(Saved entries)
-------------------------

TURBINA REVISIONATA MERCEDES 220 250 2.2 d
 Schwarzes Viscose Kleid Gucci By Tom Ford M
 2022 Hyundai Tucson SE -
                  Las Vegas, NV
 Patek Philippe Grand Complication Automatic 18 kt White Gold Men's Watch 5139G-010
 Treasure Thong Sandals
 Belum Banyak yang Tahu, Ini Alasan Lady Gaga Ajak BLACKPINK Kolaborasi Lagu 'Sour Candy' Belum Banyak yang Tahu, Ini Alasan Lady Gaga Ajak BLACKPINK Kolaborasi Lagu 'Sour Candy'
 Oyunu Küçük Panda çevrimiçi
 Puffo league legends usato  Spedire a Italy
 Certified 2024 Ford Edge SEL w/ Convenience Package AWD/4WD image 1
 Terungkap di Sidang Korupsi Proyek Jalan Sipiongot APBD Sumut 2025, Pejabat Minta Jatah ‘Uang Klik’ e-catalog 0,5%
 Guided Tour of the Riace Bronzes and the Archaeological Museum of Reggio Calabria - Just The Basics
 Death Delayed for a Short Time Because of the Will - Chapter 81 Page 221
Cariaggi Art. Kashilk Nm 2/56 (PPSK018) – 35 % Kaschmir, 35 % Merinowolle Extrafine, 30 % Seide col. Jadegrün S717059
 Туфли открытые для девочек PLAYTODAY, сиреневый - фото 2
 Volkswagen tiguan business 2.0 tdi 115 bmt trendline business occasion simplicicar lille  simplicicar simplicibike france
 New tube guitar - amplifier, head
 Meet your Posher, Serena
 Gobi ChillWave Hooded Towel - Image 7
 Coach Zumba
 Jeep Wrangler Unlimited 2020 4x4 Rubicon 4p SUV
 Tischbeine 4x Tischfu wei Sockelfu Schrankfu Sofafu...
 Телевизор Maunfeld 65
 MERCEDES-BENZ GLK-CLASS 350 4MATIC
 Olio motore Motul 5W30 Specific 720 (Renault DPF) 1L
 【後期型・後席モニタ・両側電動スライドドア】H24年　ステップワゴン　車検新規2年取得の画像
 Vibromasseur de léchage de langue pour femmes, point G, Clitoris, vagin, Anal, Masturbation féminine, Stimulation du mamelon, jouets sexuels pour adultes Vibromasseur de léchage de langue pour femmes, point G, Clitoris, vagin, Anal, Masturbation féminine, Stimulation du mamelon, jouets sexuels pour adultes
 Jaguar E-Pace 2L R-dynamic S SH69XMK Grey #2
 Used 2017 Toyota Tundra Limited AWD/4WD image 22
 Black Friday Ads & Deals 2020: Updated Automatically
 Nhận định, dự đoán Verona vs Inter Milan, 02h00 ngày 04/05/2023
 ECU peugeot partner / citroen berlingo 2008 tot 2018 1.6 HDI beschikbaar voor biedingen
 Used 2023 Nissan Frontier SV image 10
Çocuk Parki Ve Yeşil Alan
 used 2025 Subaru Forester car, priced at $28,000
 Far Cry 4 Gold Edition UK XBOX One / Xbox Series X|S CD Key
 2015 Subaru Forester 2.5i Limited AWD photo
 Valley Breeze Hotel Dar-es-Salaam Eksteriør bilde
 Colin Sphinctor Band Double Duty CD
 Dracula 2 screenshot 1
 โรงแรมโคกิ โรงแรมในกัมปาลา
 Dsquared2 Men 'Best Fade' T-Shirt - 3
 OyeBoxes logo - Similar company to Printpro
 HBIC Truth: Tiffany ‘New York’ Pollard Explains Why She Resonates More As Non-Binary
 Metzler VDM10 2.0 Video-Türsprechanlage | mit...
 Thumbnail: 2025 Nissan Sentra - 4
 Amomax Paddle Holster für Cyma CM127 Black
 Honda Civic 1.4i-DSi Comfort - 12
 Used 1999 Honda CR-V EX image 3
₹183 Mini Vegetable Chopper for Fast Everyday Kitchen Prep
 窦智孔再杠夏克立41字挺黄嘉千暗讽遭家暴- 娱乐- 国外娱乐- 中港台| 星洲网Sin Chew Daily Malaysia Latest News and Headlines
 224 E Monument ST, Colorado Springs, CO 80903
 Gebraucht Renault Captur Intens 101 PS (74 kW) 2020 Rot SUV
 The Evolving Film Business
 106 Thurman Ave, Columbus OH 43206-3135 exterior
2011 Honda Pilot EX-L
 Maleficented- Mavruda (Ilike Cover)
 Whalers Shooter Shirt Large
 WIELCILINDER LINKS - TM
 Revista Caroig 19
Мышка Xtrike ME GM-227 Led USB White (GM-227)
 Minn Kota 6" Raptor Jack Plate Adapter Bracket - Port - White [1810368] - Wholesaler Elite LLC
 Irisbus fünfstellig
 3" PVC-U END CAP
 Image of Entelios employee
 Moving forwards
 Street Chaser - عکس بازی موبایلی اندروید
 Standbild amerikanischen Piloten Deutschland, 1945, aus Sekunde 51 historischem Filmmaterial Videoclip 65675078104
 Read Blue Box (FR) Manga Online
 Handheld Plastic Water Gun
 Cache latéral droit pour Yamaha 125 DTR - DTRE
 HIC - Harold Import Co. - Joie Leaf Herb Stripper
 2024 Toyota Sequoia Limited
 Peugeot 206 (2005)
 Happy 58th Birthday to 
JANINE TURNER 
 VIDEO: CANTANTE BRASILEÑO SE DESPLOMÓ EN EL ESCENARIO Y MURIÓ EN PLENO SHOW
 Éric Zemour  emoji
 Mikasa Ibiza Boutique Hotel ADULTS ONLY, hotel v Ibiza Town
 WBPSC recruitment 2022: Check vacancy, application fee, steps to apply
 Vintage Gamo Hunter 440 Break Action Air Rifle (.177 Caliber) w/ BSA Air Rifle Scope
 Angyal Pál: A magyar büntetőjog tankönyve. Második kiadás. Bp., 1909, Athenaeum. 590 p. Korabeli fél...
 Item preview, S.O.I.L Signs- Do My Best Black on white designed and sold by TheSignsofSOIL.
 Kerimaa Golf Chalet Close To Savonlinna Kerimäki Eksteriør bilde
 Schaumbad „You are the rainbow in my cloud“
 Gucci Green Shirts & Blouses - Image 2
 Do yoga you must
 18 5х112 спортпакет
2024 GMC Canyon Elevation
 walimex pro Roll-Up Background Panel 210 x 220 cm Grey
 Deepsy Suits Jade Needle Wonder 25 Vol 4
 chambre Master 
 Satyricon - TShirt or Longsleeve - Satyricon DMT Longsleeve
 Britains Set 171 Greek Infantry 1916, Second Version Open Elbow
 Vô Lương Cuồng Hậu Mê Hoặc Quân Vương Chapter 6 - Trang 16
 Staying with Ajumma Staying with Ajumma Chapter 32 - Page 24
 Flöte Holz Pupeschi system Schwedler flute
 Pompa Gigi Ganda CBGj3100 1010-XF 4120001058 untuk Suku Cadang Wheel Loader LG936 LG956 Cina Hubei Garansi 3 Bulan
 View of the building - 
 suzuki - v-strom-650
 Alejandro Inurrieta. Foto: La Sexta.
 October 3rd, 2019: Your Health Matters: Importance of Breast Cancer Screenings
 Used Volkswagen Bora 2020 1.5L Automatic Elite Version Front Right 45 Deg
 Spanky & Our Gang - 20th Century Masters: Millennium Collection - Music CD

-------------------------

Could you return all lines from the data above that contain the string "Best"?

■ **Output of the exercise**:
 Dsquared2 Men 'Best Fade' T-Shirt - 3
 Item preview, S.O.I.L Signs- Do My Best Black on white designed and sold by TheSignsofSOIL.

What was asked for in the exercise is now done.